By Dr. Paul Ehrlich

A year ago I wrote a response to a Pediatrics study that seemed to claim black children were at higher risk of food allergies than non-white kids. The WebMD account said, “The study found that African-Americans have a threefold higher risk for food allergies than the general population and that African-American male children had the highest food allergy rates in the U.S., with a fourfold higher risk.” I wrote, “Funny, but after spending at least one day a week for several years in inner-city schools dealing with severely asthmatic children, I saw NO co-morbidity with peanut allergies, which led the Pediatrics list.”
A new article in the Journal of Allergy and Clinical Immunology (JACI) sheds light on this subject that lends credence to both sides, although I must say that it lends more support to my observations than it does to assertions of risk levels. The most important thing it does, however, is provide more ammunition against the methods by which food allergies are generally diagnosed.
Drawing partly on that same Pediatrics study from a year ago, the authors of the new JACI article say, [B]lack participants had significantly higher median values for total IgE, peanut-specific IgE, and hen’s egg white–specific IgE compared with white participants. These findings suggest that black participants might have a higher level of allergic reactivity than white participants.”
Does this indicate a hidden epidemic or an epidemic waiting to happen?
Not according to these authors. “We demonstrate that in a population of high-risk atopic children, black race increases the risk of sensitization as measured based on specific IgE levels but is paradoxically associated with a decreased risk of sensitization to peanut, as measured based on SPT responses, and a decreased risk of likely clinical reactivity to peanut (a wheal diameter >4 mm is defined in our study as likely clinical PA at this age)… This might reflect an evolutionary adaptation toward TH2 responses in the face of high rates of infection with helminths [parasites common in their ancestral homes]. Another possibility is that IgE in black infants is directed against different allergens compared with that in white children or to different epitopes within those allergens. However, it is also possible that this difference between white and black children might not have been observed with other prescreening criteria.”
Okay. I was right. But I’m not going to do an end-zone dance.

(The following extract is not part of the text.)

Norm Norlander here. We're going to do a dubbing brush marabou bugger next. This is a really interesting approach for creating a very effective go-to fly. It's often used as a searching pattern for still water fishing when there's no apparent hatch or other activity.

Double Dutch by nycitysnaps.com
Food challenge by clinicaladvisor.com
I read that repeatedly, and understand, that the “gold standard” for diagnosing a food allergy is the DBPCFC, but would you actually suggest that to someone in this scenario?

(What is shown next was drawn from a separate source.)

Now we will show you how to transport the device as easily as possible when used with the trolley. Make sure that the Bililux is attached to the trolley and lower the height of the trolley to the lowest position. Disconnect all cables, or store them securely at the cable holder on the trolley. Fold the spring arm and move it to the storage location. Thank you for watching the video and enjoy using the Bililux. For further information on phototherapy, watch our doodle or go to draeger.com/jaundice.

My daughter is now 4 years old, with asthma that I still don’t feel is completely under control. When she was 18 months old, her sIgE for Whole Peanut was 95.6 kUA/L. At around 3 1/2 years of age, her whole peanut value (from a different lab) was 57.3 and her Ara h2 was 31.8.
I know you cannot give *me” specific medical advice, but can you discuss the issue, in general? Would a physician really suggest a DBPCFC with numbers like that? She has never ingested peanut, directly, to my knowledge, but it seems like pure madness to willfully expose her to peanut just for a “gold standard” confirmation, when the numbers are pretty convincing.
She has other food allergies, as well, to which she has had anaphylactic reactions, so I know she is capable of severe allergic reactions. The IgE values for those foods is lower than that of peanut, and even though I know the numbers are not to be compared in that way, it certainly causes me concern that her peanut reaction would be even more severe than those I’ve seen from cow’s milk and flax seed.
Dear Selena,
Thanks very much for writing.
We always say that a combination of tests and a detailed clinical history can be indicative of a real food allergy. Just because DBPCFC amounts to a gold standard and an oral food challenge (OFC) a silver standard doesn’t mean they have to be done in a case where the numbers are high and there is a verified history of allergic disease. As I said in an earlier post, “An OFC is not a screening tool. It is there to confirm an allergist’s clinical judgment based on a thorough history, other test results, and years of training.” I usually recommend an OFC when there has been incidental ingestion of a previously diagnosed food allergen with no effect, or when someone has high allergen-specific IgE but demonstrated tolerance to that food.
Furthermore, in light of the fact that your child has asthma, I think you have to be very careful. The worst anaphylactic reactions are often in people who also have asthma because their airways are already inflamed and likely to react.
Dr. Paul Ehrlich
Thank you very much for your response! I agree that my daughter’s asthma literally gives her less “breathing room” in the event of a serious allergic reaction, which is why I’m trying to get it under control.